A recent “global trends” survey, moderated by Dr. Kourous A. Rezaei, ASRS International Affairs Committee Member and retinal physician at Illinois Retina Associates, has revealed significant discrepancies in practice between retina specialists in the United States and those in other regions. The survey gathered responses from over 1,100 retina physicians from a total of 40 medical societies, including the American Society of Retina Specialists.

The results revealed that retina specialists in the United States take a different approach to managing endophthalmities after intravitreal injection, compared with physicians in nearly every other global region.

“This, I think, is a big discrepancy between the U.S. and Europe,” says Dr. Rezaei in a recent article, “and also almost the rest of the world, where most of them do vitrectomy.”

72% of U.S. respondents said they would handle such cases with a tap and inject strategy. In every other region, less than 50% of respondents gave the same response. In most regions, pars plata vitrectomy is the most commonly used treatment strategy.

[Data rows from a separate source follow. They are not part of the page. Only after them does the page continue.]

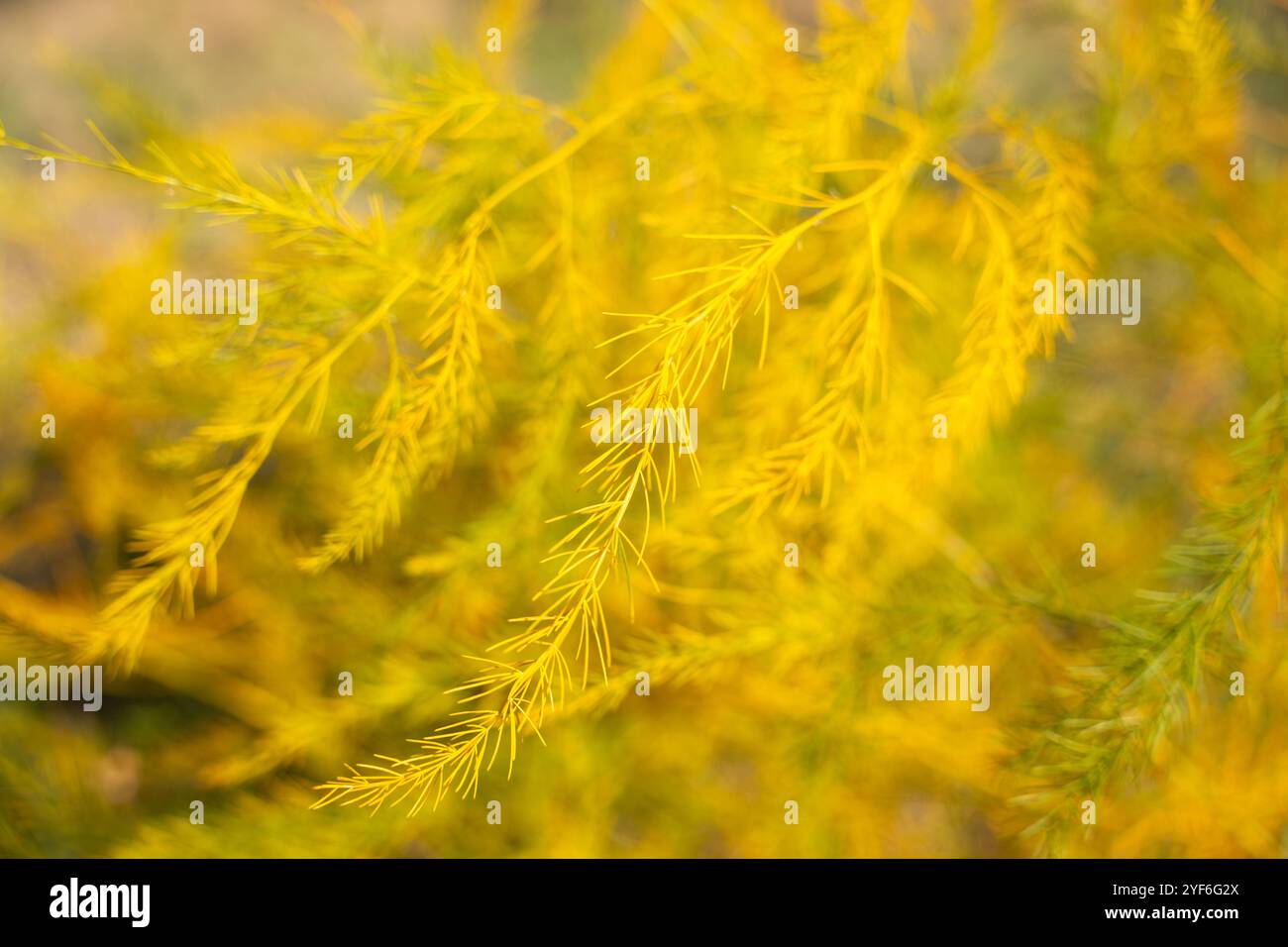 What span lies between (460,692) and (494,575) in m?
0.09

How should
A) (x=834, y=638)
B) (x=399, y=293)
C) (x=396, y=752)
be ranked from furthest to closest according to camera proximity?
(x=396, y=752) < (x=834, y=638) < (x=399, y=293)

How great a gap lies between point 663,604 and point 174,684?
359mm

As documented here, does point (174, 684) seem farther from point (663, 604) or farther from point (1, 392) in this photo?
point (663, 604)

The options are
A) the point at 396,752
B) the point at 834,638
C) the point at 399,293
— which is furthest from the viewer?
the point at 396,752

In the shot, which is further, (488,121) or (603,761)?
(603,761)

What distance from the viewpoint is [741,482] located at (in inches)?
16.8

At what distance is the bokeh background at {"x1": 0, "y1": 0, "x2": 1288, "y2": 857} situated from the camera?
45 centimetres

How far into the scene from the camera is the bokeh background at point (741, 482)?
0.45 metres

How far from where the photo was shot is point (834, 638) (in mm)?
522

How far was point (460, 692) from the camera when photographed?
0.59m

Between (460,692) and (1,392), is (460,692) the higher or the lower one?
the lower one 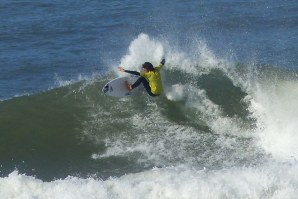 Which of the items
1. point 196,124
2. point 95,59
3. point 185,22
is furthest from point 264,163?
point 185,22

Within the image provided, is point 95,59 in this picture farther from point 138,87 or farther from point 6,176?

This wasn’t the only survey question to illustrate a difference between the US and the rest of the world. Another question asked whether visual acuity improves then stabilizes, or improves before declining in patients on long-term VEGF therapy. A majority of US respondents, 64.1%, said that visual acuity stabilized.

“This is the opposite of what the real-world data indicate,” notes Dr. Rezaei. To view the full survey, click here.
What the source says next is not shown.